1-ballMy life is what it is today because of tennis,” says Mitchelle ‘Mitch’ Lake, Founder of the Anguilla Tennis Academy. “I want to give back, so that people can have similar experiences.”

20 years ago, Mitch started the Anguilla Tennis Academy (ATA) as a summer camp, where 35 kids shared three rackets. He couldn’t have known then how completely it would succeed: in 2008, he envisioned the Academy’s new state-of-the-art facility as “a tennis centre that will undoubtedly be a landmark of the Caribbean and a symbol of national pride.” His predictions are already coming true: among ATA’s success stories are a string of local athletes who have earned tennis scholarships, including Nzingha Banks (2012), Avern Gumbs (2013), and Tamisha Richardson and Keon Halley, who both started at Virginia State in January 2015.

As an 11-year-old, Mitch idolized Andre Agassi. “I just admired him,” he says, smiling. “I said, ‘I would love to be able to play like him one day.'” Fortunately, the late Eric Martineau had a home with a tennis court in Sandy Ground, and he taught local children to play tennis every Saturday.

After High School, Mitch became an assistant to Cap Juluca tennis pro Chris Wade, sweeping the courts and answering telephones to earn court time. “Chris taught me how to play properly,” Mitch recalls.
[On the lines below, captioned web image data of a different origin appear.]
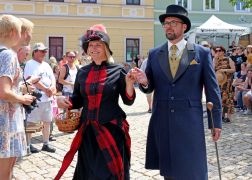 Dornburg Krohnt Neue Rosenkoenigin 20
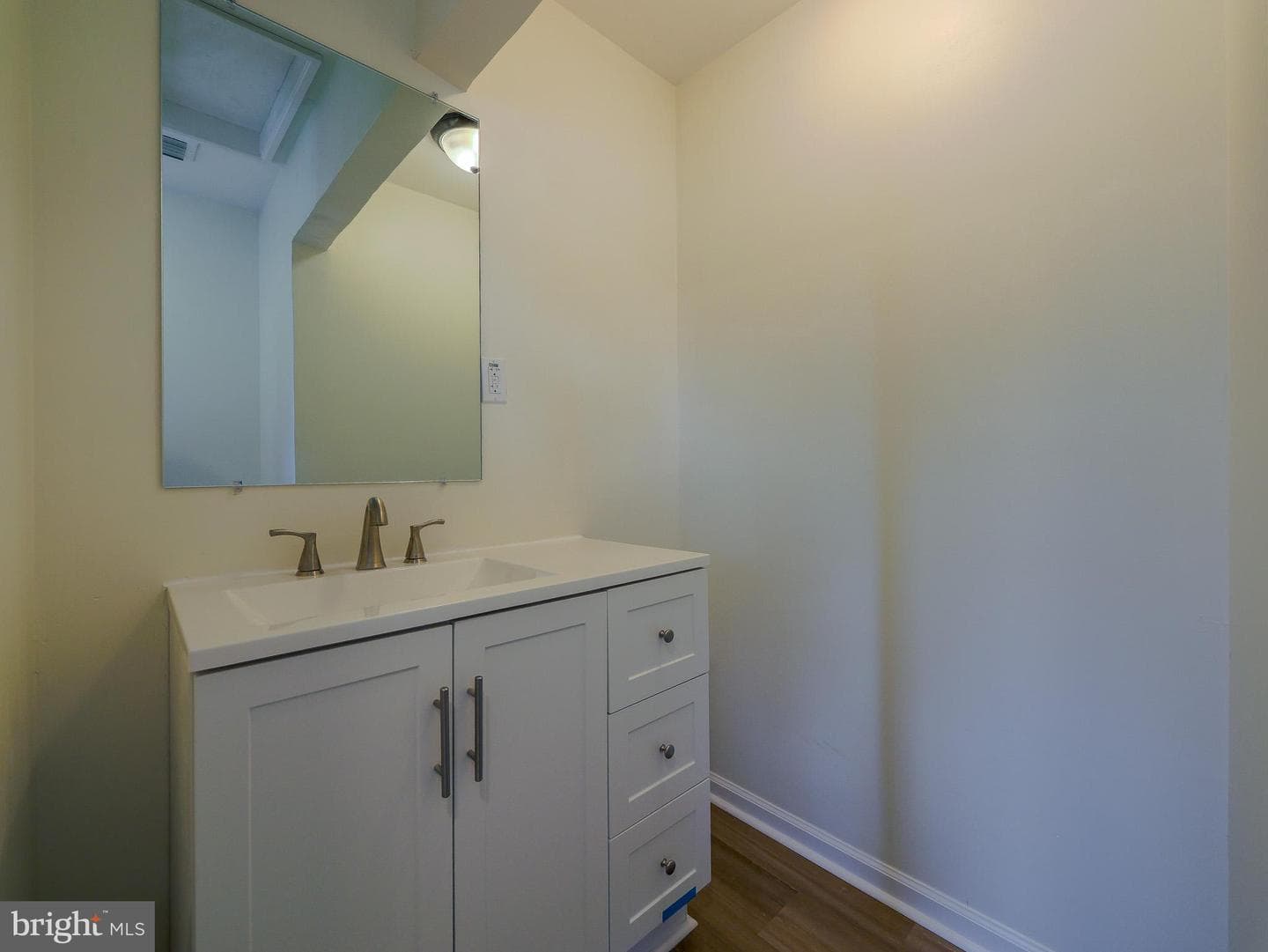 4828 Greenwood Street photo 34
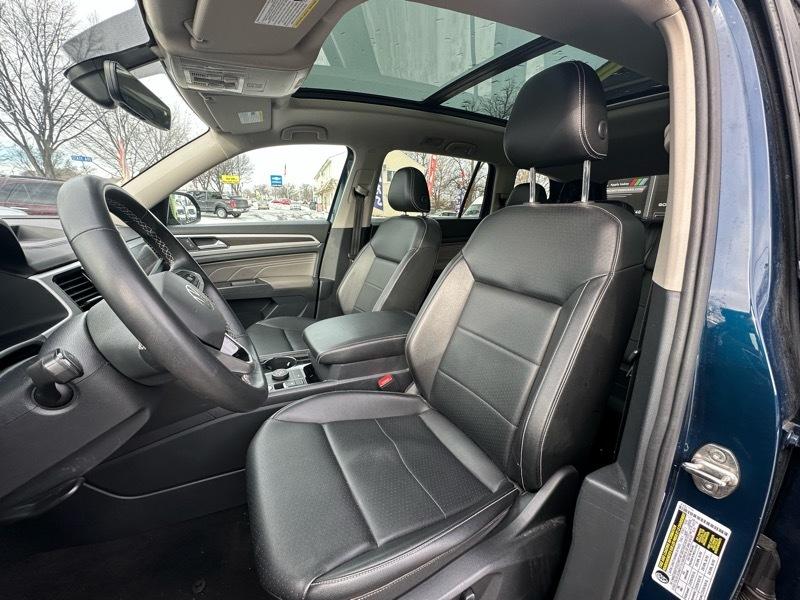 Volkswagen Atlas 3.6L V6 SE w/Technology 4MOTION 2022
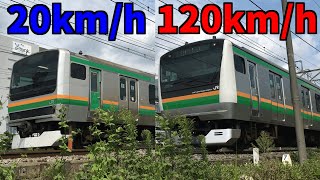 【速度差100km/h】20km/hで通過する特快と120km/hで通過する普通のすれ違い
This time at Cap Juluca led to a life-changing meeting with Bob Johnson, then owner of Black Entertainment Television (BET). Within six months of working at the resort, Mitch received a partial tennis scholarship to Gardner-Webb University, NC, and Johnson not only sponsored his remaining expenses, but over the next few years, regarded him as family.
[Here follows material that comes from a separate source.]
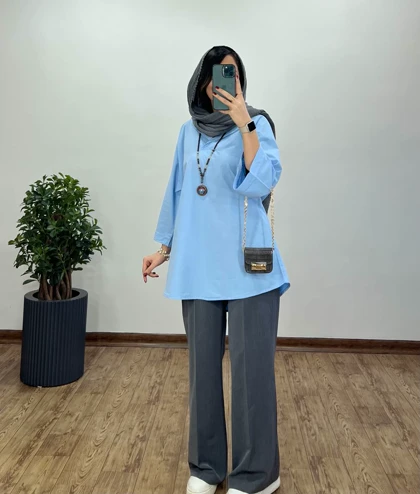 مانتو گلدوزی زنبق(ایراد دار)
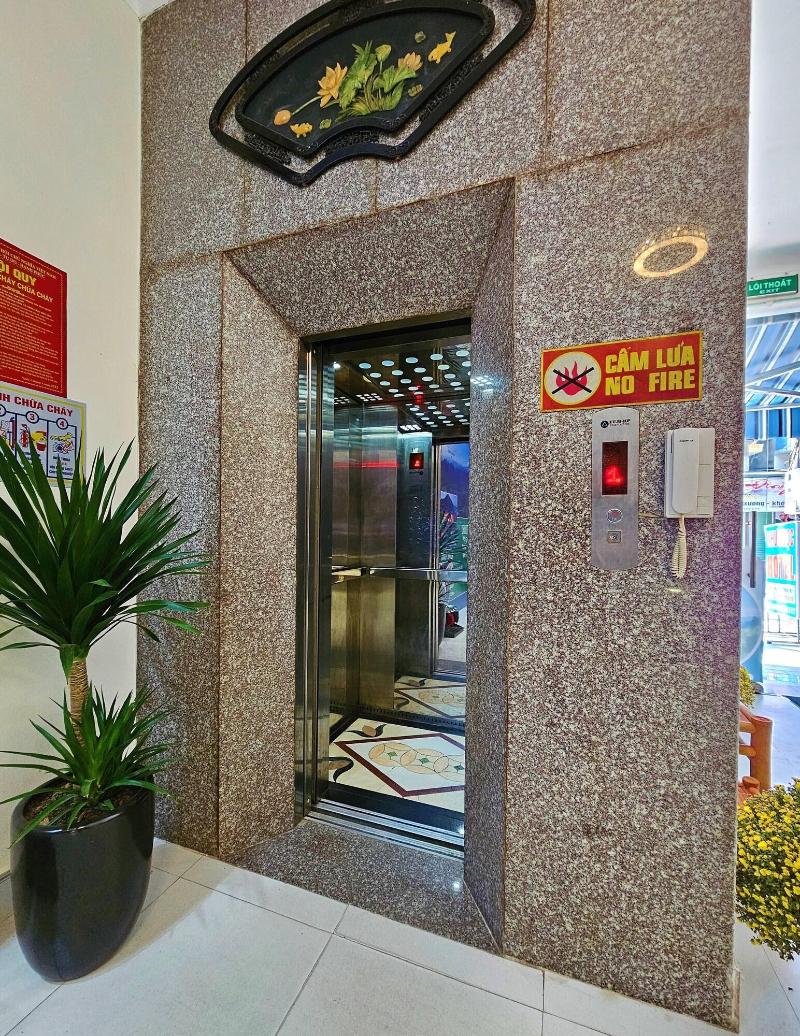 Frontier Hostel & Tours image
“It was a dream come true for me,” he says, but he never took his good fortune for granted. “I believe from whom much is given, much is expected,” he explains. His rst summer back home in 1996, Mitch started a tennis program, sponsored by Bob Johnson’s BET, at the Ronald Webster Park. Each successive year, the summer camp expanded, thanks to the college teammates and volunteer coaches Mitch continually brought to the island. Eventually, they outgrew the park. That’s when Mitch’s dream of a tennis facility was born.


With architectural drawings donated by Myron Goldfinger and six acres of land in Blowing Point leased from the government, Mitch used the extensive network he’d created while living and working in the U.S. to raise funds. Thanks to massive community support, including the “Buy-a-Brick” programme, the academy was finally completed in 2008. The facility comprises a lounge area, offices, storage rooms, and members’ and public locker rooms and restrooms. A trio of courts flanks the main building on either side, with a 2000-seater stadium in the rear. After being decimated by Hurricane Omar in 2008, the stadium remains a work in progress.

The ATA now offers private classes, memberships, clinics, and after-school programs, along with the original summer camp. “We can rival any academy,” says Mitch. “I started too late to go professional, but that inspired me to start teaching children from the age of 5.”

The facility still depends on donations for further expansion. “We do everything ourselves,” Mitch explains. “All my coaches are janitors: they sweep, they mop, they clean the bathrooms.” The next goal is to turn the ATA into a full-fledged academy, allowing students to intensively train and compete while completing their academic studies onsite. “We can then market to people all over the world,” Mitch adds, “because we have the climate to play year-round. We’d be able to invite international tournaments here and boost sports tourism.”Twenty years on, Mitch’s love for tennis still drives him. “I’m at my maximum when I’m on the court, playing or coaching – I just love doing what I do.” “It’s been a wild ride,” he says, though you get the feeling that this incredible journey has only just begun.